IMPORTANT: always disconnect the battery before working on the alternator; the battery should be disconnected -ve terminal first; reconnected -ve terminal last - if you work on the +ve battery terminal while the -ve terminal is still hooked up you risk damage, fire and injury. Always disarm your alarm just before removing the -ve terminal (you have <60s from disarming alarm to disconnecting terminal; otherwise alarm goes ape).

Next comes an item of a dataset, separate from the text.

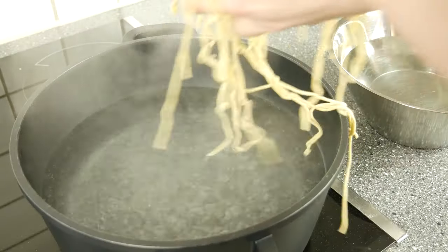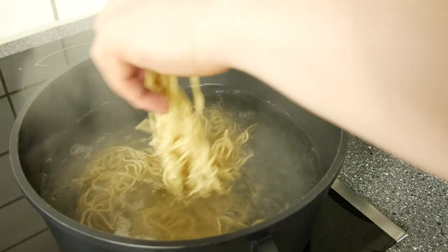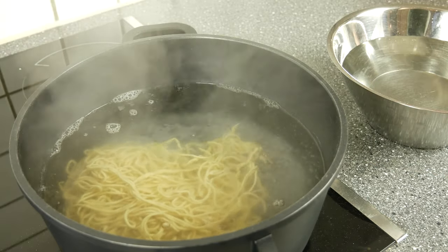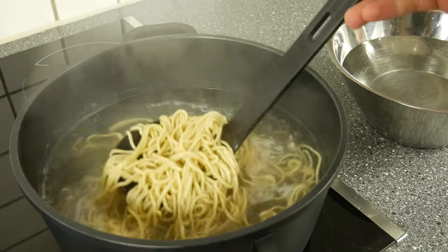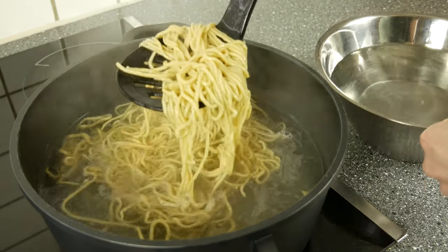Sprinkle your ramen noodles with some cornstarch. As a result we get some pretty nice ramen noodles. Boil them in boiling water for 50 seconds — during the normally very hot broth the noodles will continue to cook. So if you cook the noodles longer they will become too soft.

For the S1 I would lay money on the little wire (and possibly the big wire too) having broken off right at the back of the alternator. You'll need to remove the undertray and reach up and pull on the wires to see if any of them come loose. A little mirror on a telescopic stick (like the sort of thing a dentist uses) might help too. If you ignored my advice, you will just have discovered why you needed to disconnect the battery
For the S2 the failure is more likely to be inside the plastic cover on the back of the alternator itself, though still just a fractured wire that could be repaired by removing the alternator, removing the back cover, spotting broken wire and the rewiring it.

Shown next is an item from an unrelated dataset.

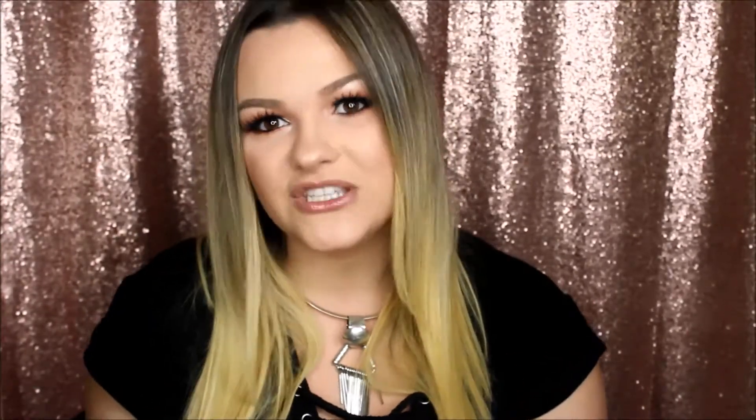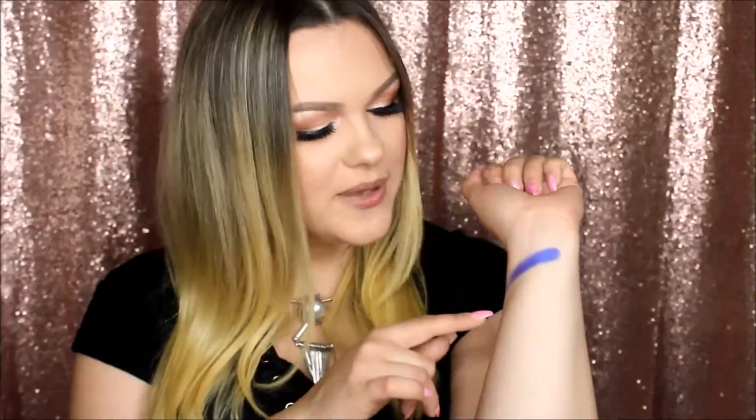Let's try the blue — it is crazy pigmented, look at this! Everything that was on my finger transferred onto my hand, and my finger is almost clean — that's exactly what I'm looking for in an eyeshadow. When you're applying eyeshadow you don't want to leave it all on the brush. With the Kylie Jenner palettes there was literally a lot of fallout and I was really disappointed. Now that I have this palette I don't think I'd be using those at all — this is super pigmented and really, really pretty. This palette is just to die for.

In all cases, finding something durable to rewire it with is the hard part. The crimp terminals are prone to vibration fracture and the wires are exposed to a lot of radiated heat from the exhaust manifold - you need to make sure all your heatshields are in order. Where the heatshields are broken (or for early S1s) not fitted, replace or fit them - otherwise you'll have repeat failures.
If the crimp terminals/associated wiring fails more than once every couple of years you have a heatshielding or vibration issue, IMHO.
In either case you could still have a broken regulator pack; this can be replaced without replacing the alternator if the coils and brushes are still in good working order - but I don't have a source for the regulator pack, so a recon unit might be best bet. The packs sometimes break when the control or load wires go make/break/make/break repeatedly while the alternator is under load - the broken wire is the root cause of the problem, but the reg pack takes it in the shorts at the same time unfortunately.